REQUIRED WORK –
Take the lines from the one containing "中国女篮在比赛中灵活调整进攻策略,女篮进攻战术" through the final line below and restate them exactly. Omit the pictures.

Dataset entries:

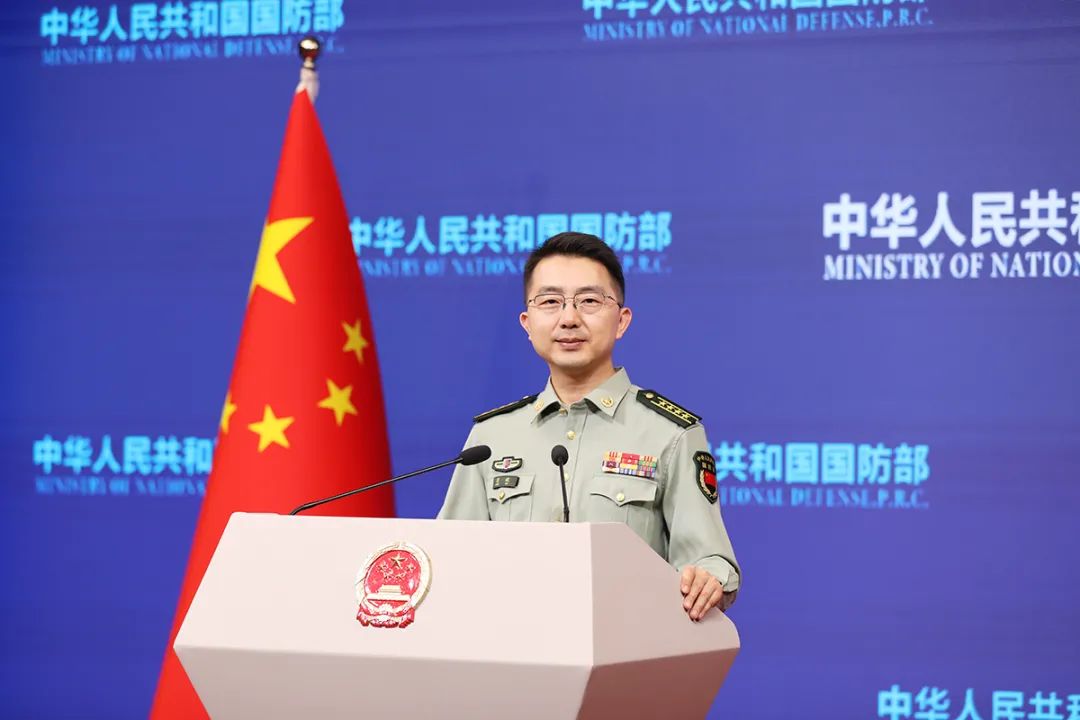 Gaya jumpa persnya memadukan kelembutan dengan ketegasan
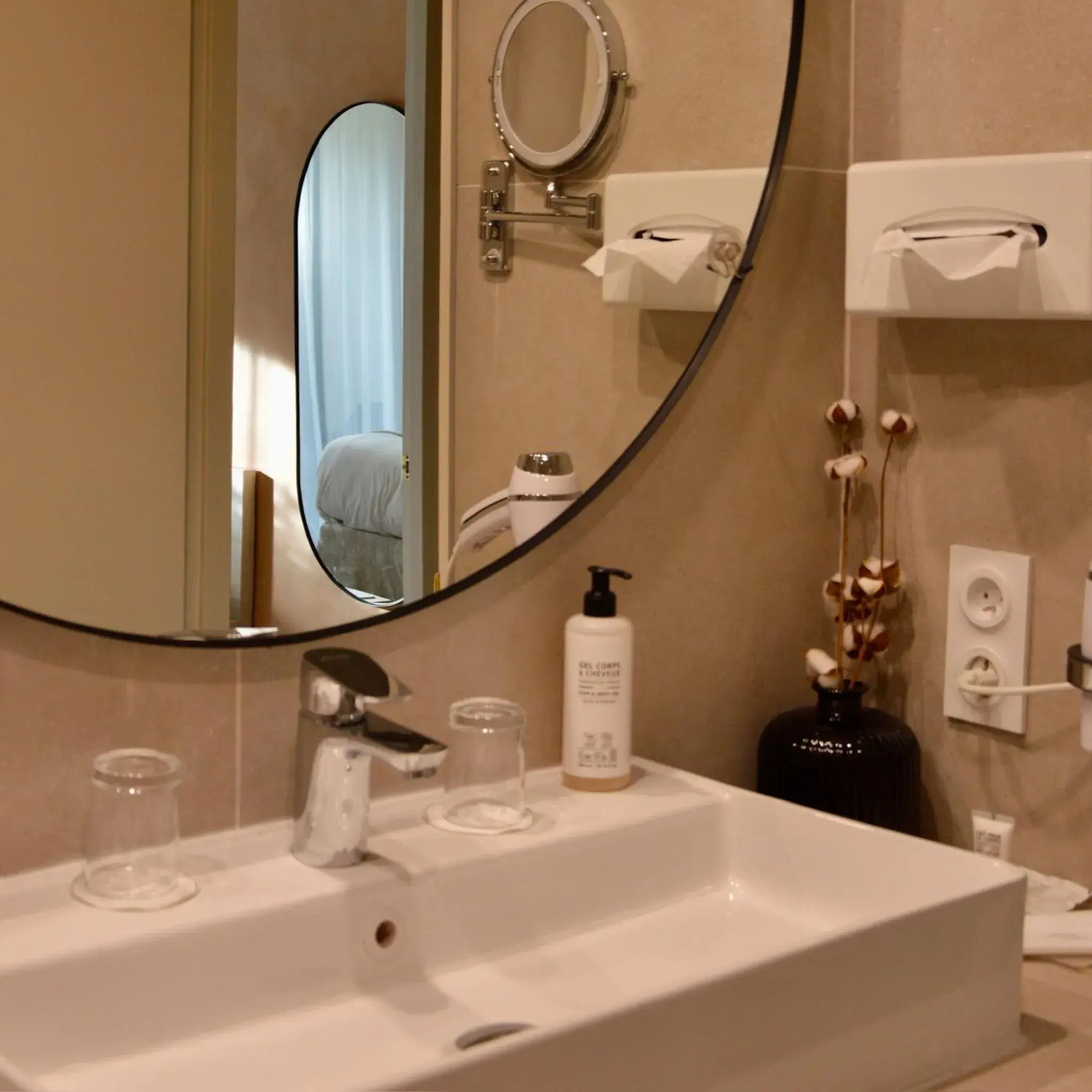 Property building, Bathroom in Best Western Sevan Parc Hotel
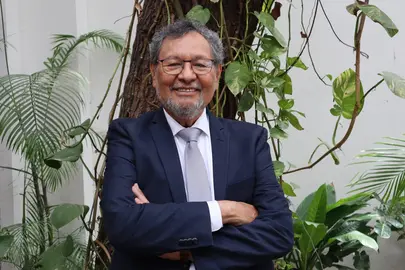 El escritor &Eacute;lmer Mendoza recibir&aacute; el premio Jorge Ibarg&uuml;engoitia, m&aacute;ximo galard&oacute;n literario de la instituci&oacute;n.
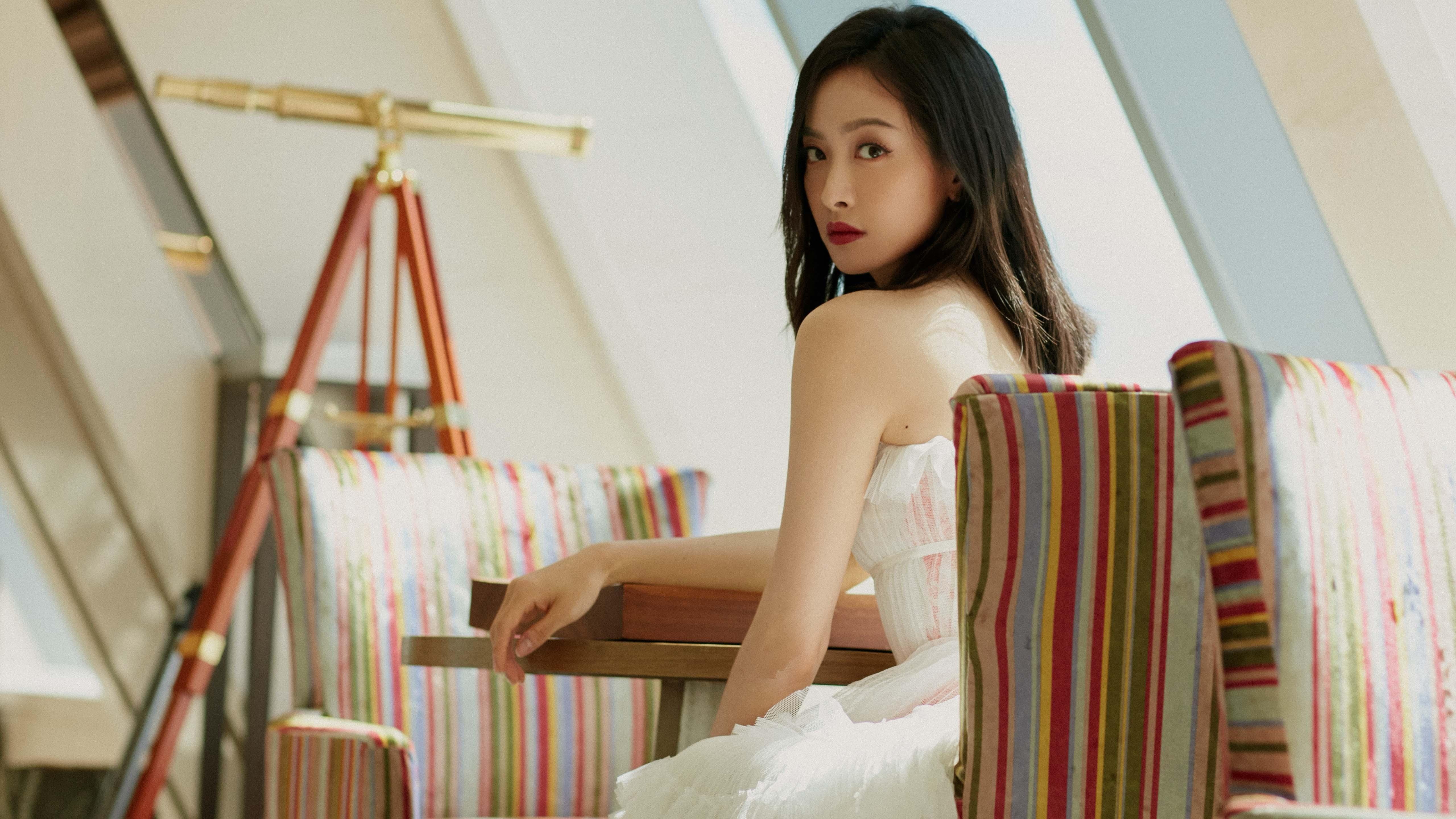 中国女篮在比赛中灵活调整进攻策略,女篮进攻战术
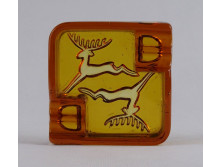 Borostyánsárga színű szarvasos art deco üveg hamutál 12 x 12 cm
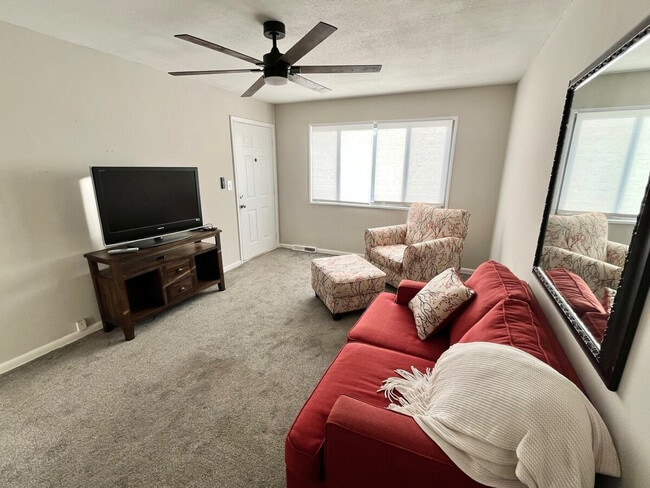 Building Photo - 4305 NW 56th St Unit ID1341133P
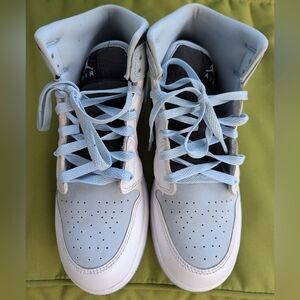 Jordan 1 Retro sneakers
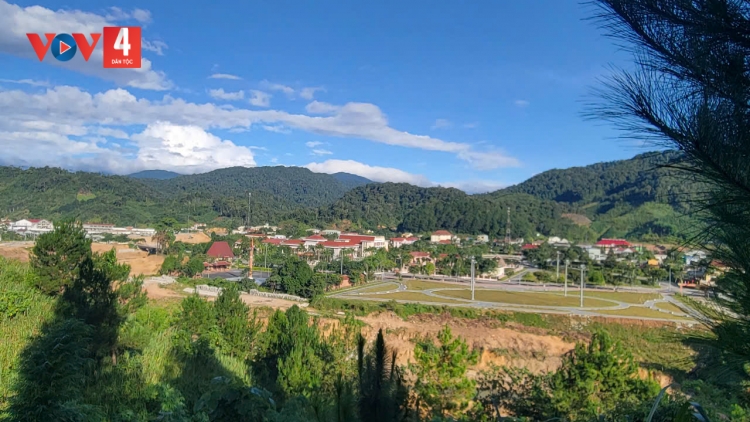 ĐÀ NẴNG ĐƠƠNG NGHỊ QUYẾT MOOT OOY PR’ĂT TR’MUNG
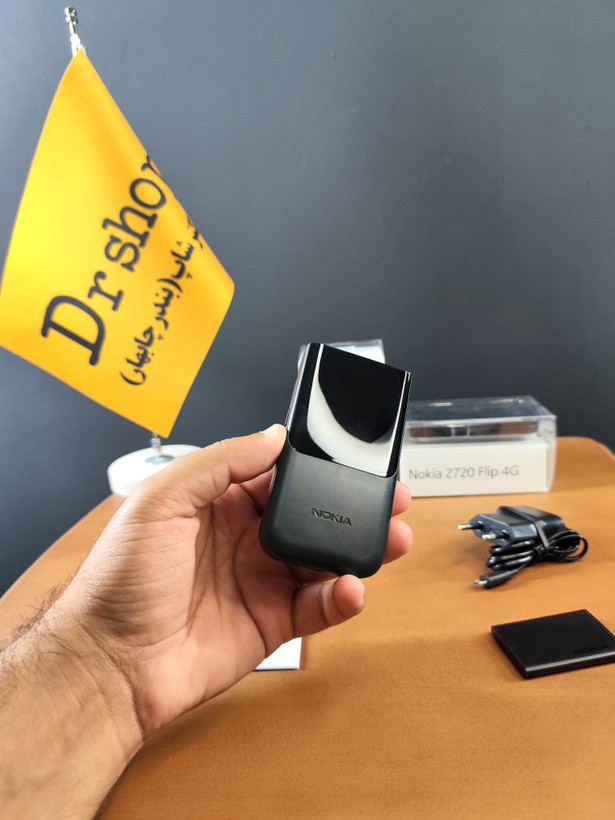 گوشی تاشو نوکیا | مدل 2720 Flip 4G | دو سیم کارت | یک سال گارانتی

ANSWER TO THIS EXERCISE –
 中国女篮在比赛中灵活调整进攻策略,女篮进攻战术
 Borostyánsárga színű szarvasos art deco üveg hamutál 12 x 12 cm
 Building Photo - 4305 NW 56th St Unit ID1341133P
 Jordan 1 Retro sneakers
 ĐÀ NẴNG ĐƠƠNG NGHỊ QUYẾT MOOT OOY PR’ĂT TR’MUNG
 گوشی تاشو نوکیا | مدل 2720 Flip 4G | دو سیم کارت | یک سال گارانتی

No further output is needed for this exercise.